Highlights & Insights¶
- Precise problem definition: Accurately attributes VFT instability in MLLMs to "Visual Preference Conflicts" with strong empirical evidence.
- Elegant solution: The CVE + CoMoE combination fundamentally transforms context-free visual encoding into context-aware encoding.
- High practical value: 7B + CoVFT \(\approx\) 13B + Freeze suggests that better visual fine-tuning can reduce dependence on large model parameter scales.
- Comprehensive experimental validation: Covers 12 benchmarks, 7B/13B scales, multiple visual encoders, and data efficiency analysis.
Limitations & Future Work¶
- CVE depends on an additional frozen BERT encoder—increasing inference overhead. Could the LLM's own text encoding capabilities be leveraged?
- CoMoE only replaces FFNs in the latter half of ViT layers; the selection criteria for the deep vs. shallow boundary are not fully explored.
- The use of 4 experts is a fixed configuration; the impact of expert count on task complexity was not investigated.
- The visual encoder remains frozen during the pre-training stage—could context-awareness during pre-training yield further gains?

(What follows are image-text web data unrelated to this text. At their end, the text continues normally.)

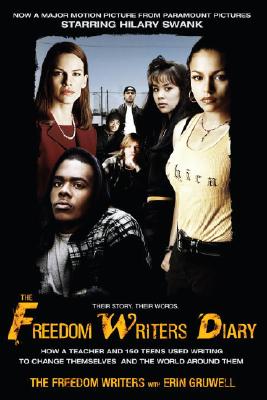 The Freedom Writers Diary: How a Teacher and 150 Teens Used Writing to Change Themselves and the World Around Them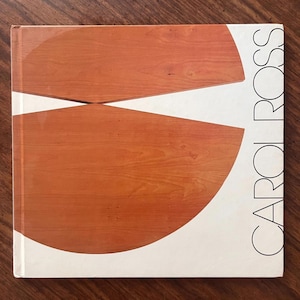 Carole Ross Sculptures Exhibition Catalog: Steven Vail Galleries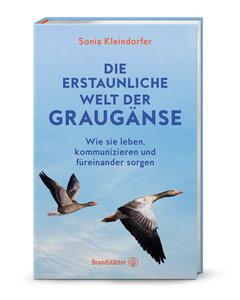 Die erstaunliche Welt der Graugänse Kleindorfer, Sonia; McAllister-Käfer, Patricia (Assistiert von) Couverture rigide 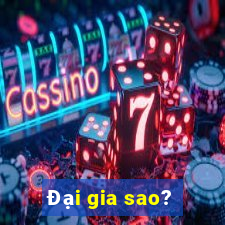 Đại gia sao?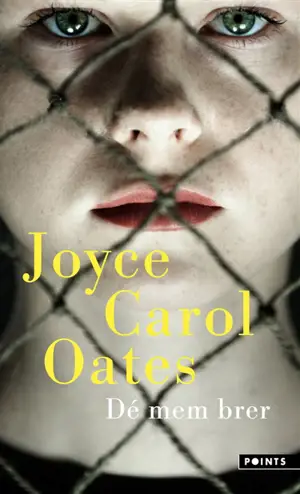 Dé mem brer : et autres histoires mystérieuses - Joyce Carol Oates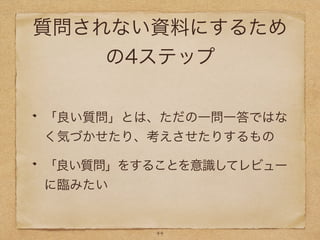 質問されない資料にするため
の4ステップ
「良い質問」とは、ただの一問一答ではな
く気づかせたり、考えさせたりするもの
「良い質問」をすることを意識してレビュー
に臨みたい
44
 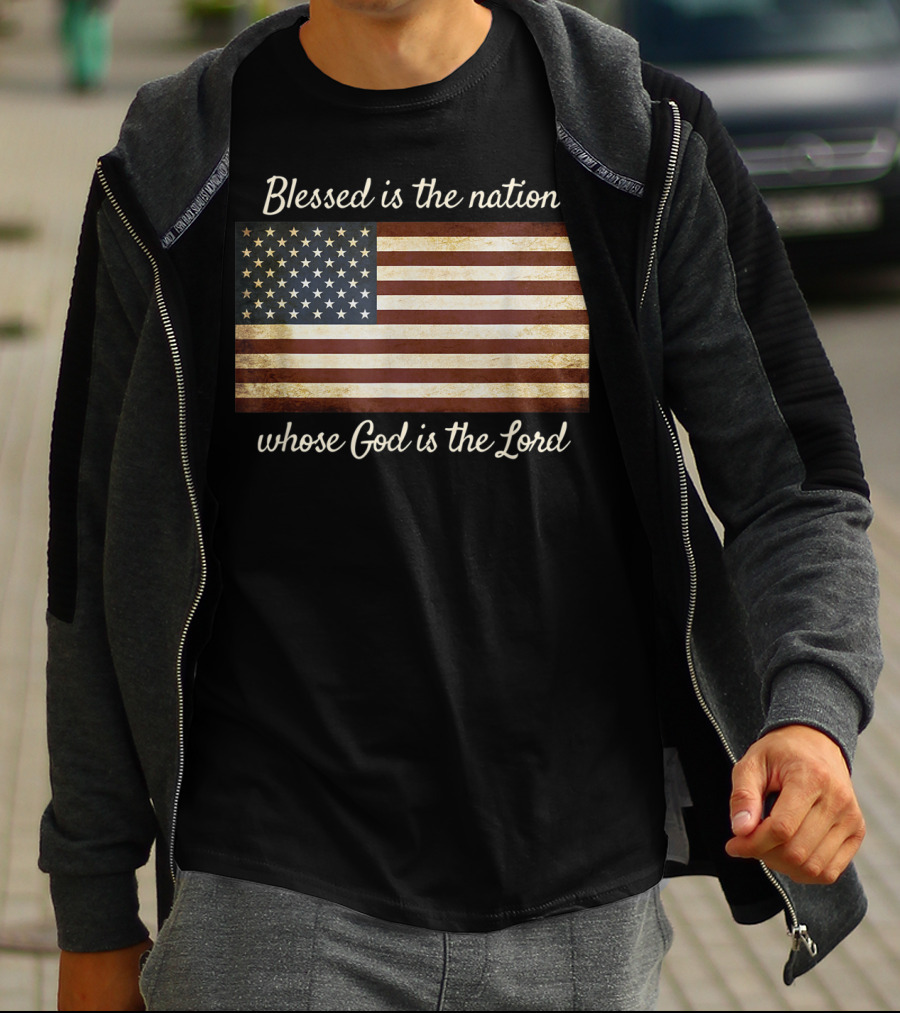Blessed Is The Nation Whose God Is The Lord American Flag Christian Patriotic T-Shirt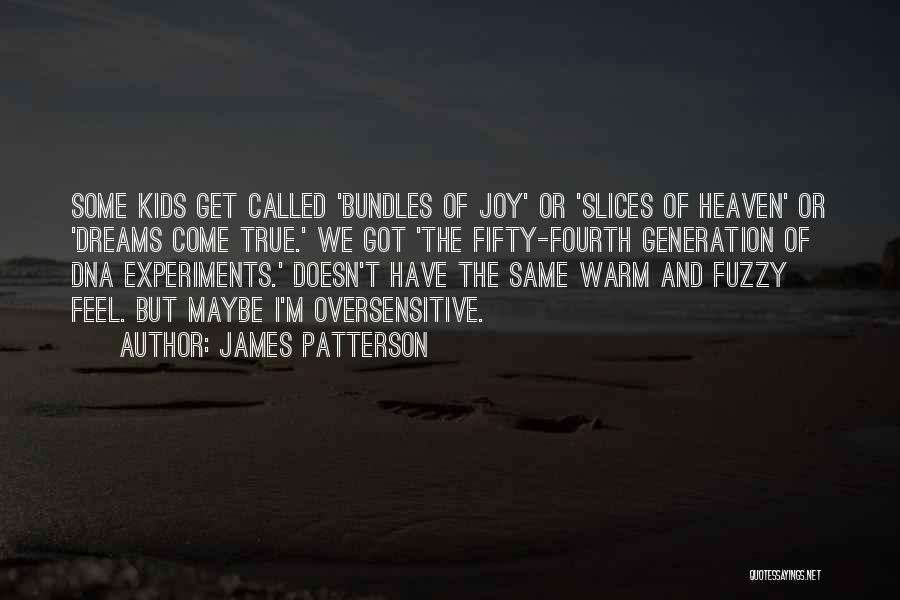 Experiments Quotes By James Patterson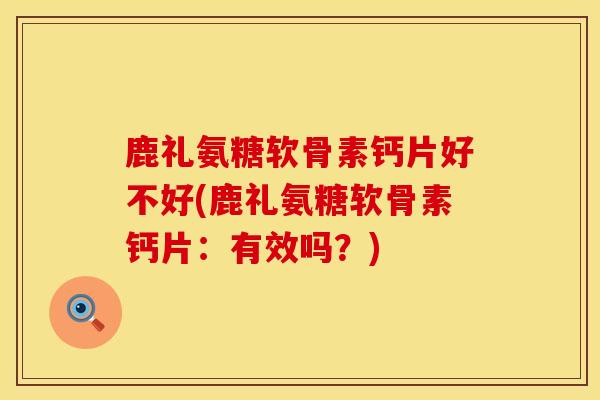鹿礼氨糖软骨素钙片好不好(鹿礼氨糖软骨素钙片：有效吗？)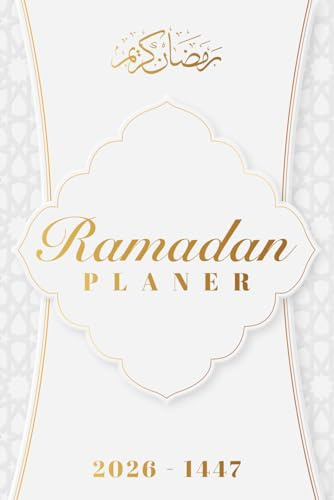 Ramadan Planer: 30 Tage im Ramadan Kalender und Planer mit täglichem Hadith und täglichem Dua, Quran-Verfolger, Gebetstracker, Sunnah des Eid, Shawwal-Fasten und mehr.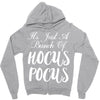 It's Just A Bunch Of Hocus Pocus Zipper Hoodie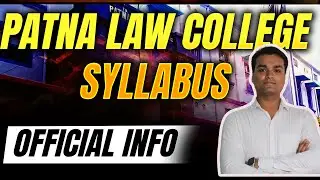 Patna Law College 2025 📚 New Syllabus + Admission Seats Info 🔍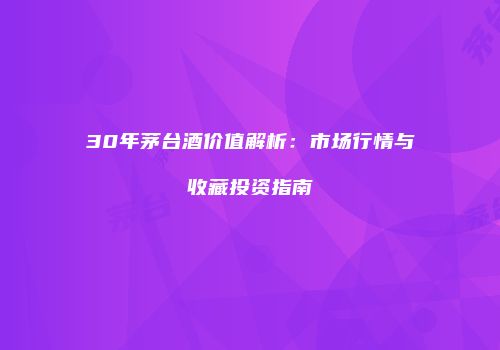 30年茅台酒价值解析：市场行情与收藏投资指南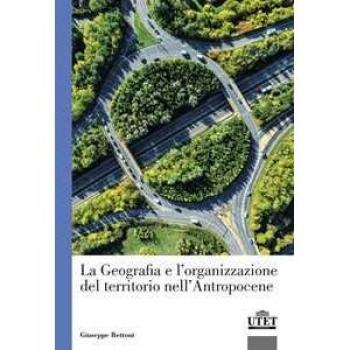 La geografia e l'organizzazione del territorio nell'antropocene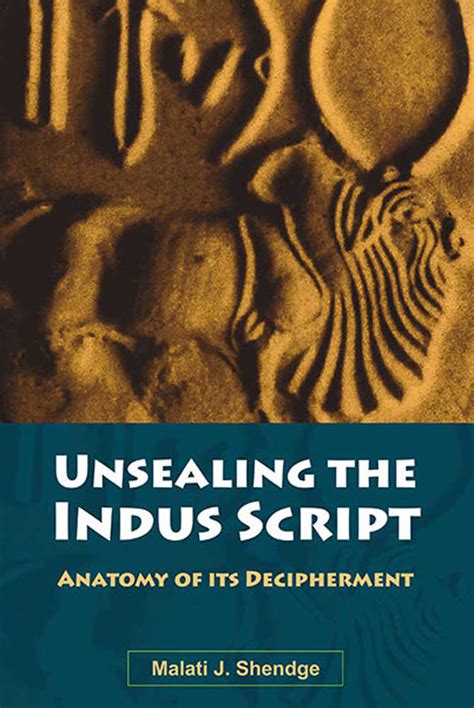 Unsealing The Indus Script: Anatomy of its Decipherment by Malati J ...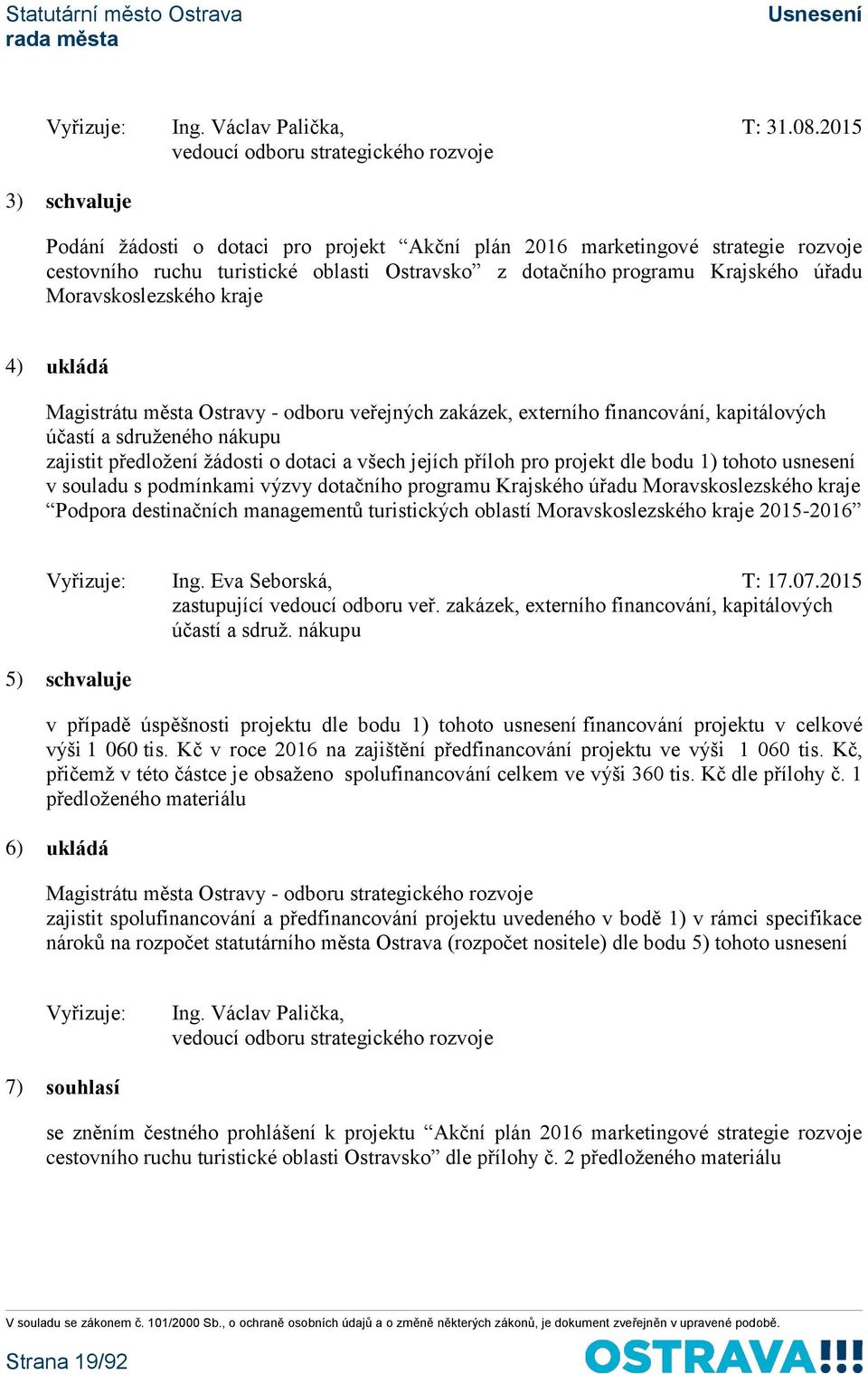 programu Krajského úřadu Moravskoslezského kraje 4) ukládá Magistrátu města Ostravy - odboru veřejných zakázek, externího financování, kapitálových účastí a sdruženého nákupu zajistit předložení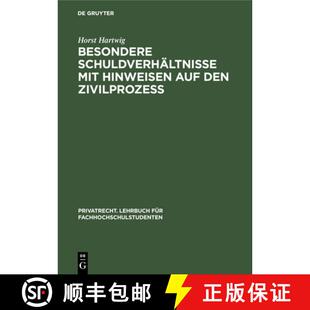 【3-4周达】精装 Besondere Schuldverhaltnisse Mit Hinweisen Auf Den Zivilprozess [9783112311271]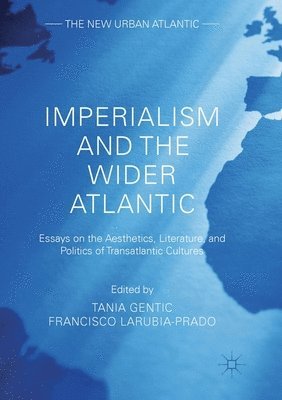 Imperialism and the Wider Atlantic 1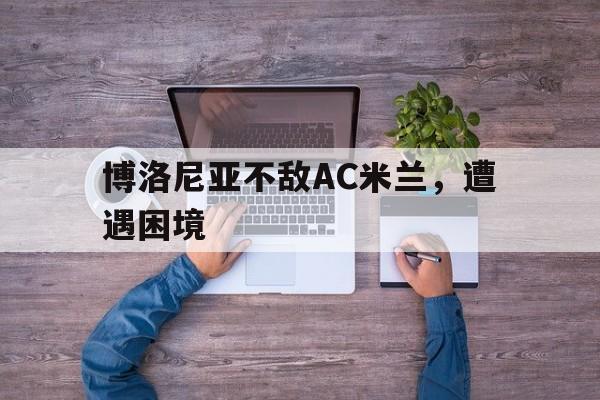 关于博洛尼亚不敌AC米兰，遭遇困境的信息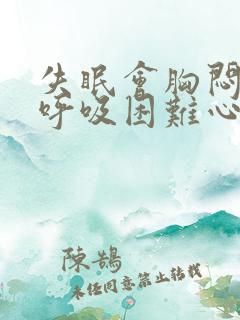 失眠会胸闷气短呼吸困难心慌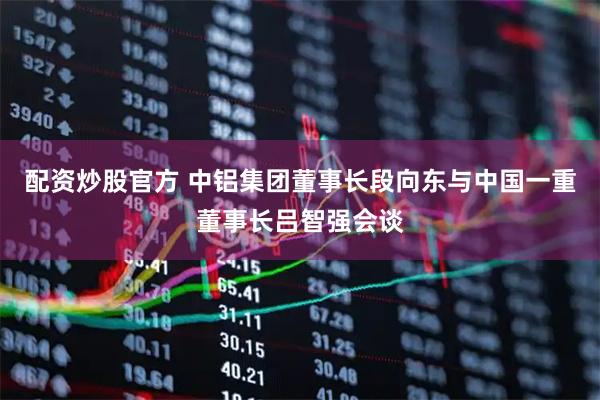 配资炒股官方 中铝集团董事长段向东与中国一重董事长吕智强会谈
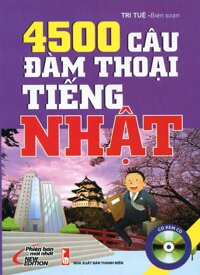 4500 Câu Đàm Thoại Tiếng Nhật Kèm CD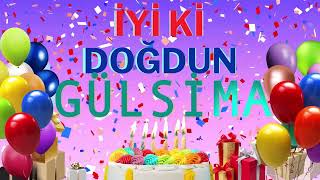 Gülsi̇ma - Doğum Günün Kutlu Olsun Gülsima Ülsima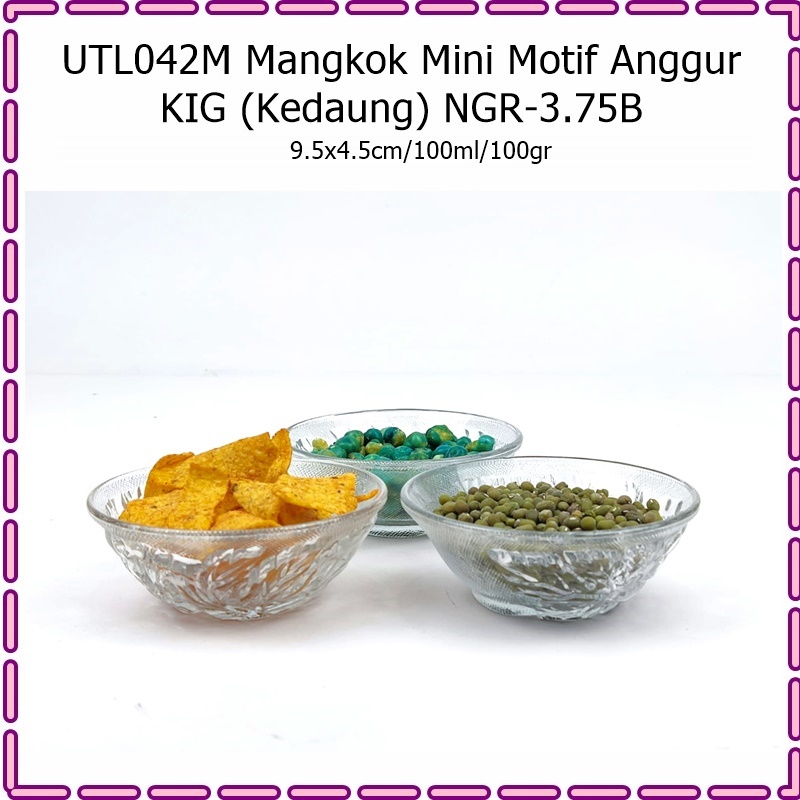 [1pcs] UTL042M Mangkok Mini Kaca Motif Anggur KIG NGR-3.75B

- Experiments were primarily validated on LLaVA-style architectures; applicability to Q-Former architectures (e.g., InstructBLIP) remains unverified.
Related Work & Insights¶
- LLaVA / LLaVA-1.5: Established the core MLLM paradigm and VFT benchmarks.
- Cambrian-1: Also observed the beneficial but unstable nature of VFT without analyzing the root cause.
- MoE in NLP: Sparse MoE is widely used for LLM scaling; this work introduces it to visual encoders and finds dense routing more effective.
- SVPT: A SOTA PEFT method in image classification that underperforms the Freeze baseline in MLLMs—confirming the visual preference conflict issue.
- Insight: Visual encoders account for less than 5% of parameters in MLLMs but have a massive impact—making them high-value targets for optimization.
Rating¶
- Novelty: ⭐⭐⭐⭐⭐ — Discovery of visual preference conflict and proposal of context-aware VFT are significant contributions.
- Experimental Thoroughness: ⭐⭐⭐⭐⭐ — 12 benchmarks, complete ablations, multi-architecture validation.
- Writing Quality: ⭐⭐⭐⭐⭐ — Clear problem orientation from observation to analysis to method.
- Value: ⭐⭐⭐⭐⭐ — Directly instructs the MLLM community, with open-source code.